Brief descriptive captions
━━━━━━━━━━━━━━━━━━━━━━━━━━━━━━
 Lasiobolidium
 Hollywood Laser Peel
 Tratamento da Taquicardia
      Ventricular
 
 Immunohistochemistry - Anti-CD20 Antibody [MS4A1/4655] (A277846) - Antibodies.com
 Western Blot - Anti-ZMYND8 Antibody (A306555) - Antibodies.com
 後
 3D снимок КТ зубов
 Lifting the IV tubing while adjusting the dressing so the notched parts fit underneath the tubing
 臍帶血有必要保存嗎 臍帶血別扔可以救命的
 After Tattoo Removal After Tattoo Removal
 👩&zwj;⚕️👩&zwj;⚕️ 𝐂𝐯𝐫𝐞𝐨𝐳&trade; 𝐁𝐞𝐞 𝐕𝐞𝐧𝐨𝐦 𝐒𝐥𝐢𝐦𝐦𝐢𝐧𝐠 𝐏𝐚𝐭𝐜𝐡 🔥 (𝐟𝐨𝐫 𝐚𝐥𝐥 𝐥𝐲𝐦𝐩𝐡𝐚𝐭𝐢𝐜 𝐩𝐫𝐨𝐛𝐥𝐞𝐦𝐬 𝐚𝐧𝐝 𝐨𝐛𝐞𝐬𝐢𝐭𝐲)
━━━━━━━━━━━━━━━━━━━━━━━━━━━━━━
• [Problem requirements] Each record above is to be reproduced exactly, in full.

• [Response to the task]
 Lasiobolidium
 Hollywood Laser Peel
 Tratamento da Taquicardia
      Ventricular
 
 Immunohistochemistry - Anti-CD20 Antibody [MS4A1/4655] (A277846) - Antibodies.com
 Western Blot - Anti-ZMYND8 Antibody (A306555) - Antibodies.com
 後
 3D снимок КТ зубов
 Lifting the IV tubing while adjusting the dressing so the notched parts fit underneath the tubing
 臍帶血有必要保存嗎 臍帶血別扔可以救命的
 After Tattoo Removal After Tattoo Removal
 👩&zwj;⚕️👩&zwj;⚕️ 𝐂𝐯𝐫𝐞𝐨𝐳&trade; 𝐁𝐞𝐞 𝐕𝐞𝐧𝐨𝐦 𝐒𝐥𝐢𝐦𝐦𝐢𝐧𝐠 𝐏𝐚𝐭𝐜𝐡 🔥 (𝐟𝐨𝐫 𝐚𝐥𝐥 𝐥𝐲𝐦𝐩𝐡𝐚𝐭𝐢𝐜 𝐩𝐫𝐨𝐛𝐥𝐞𝐦𝐬 𝐚𝐧𝐝 𝐨𝐛𝐞𝐬𝐢𝐭𝐲)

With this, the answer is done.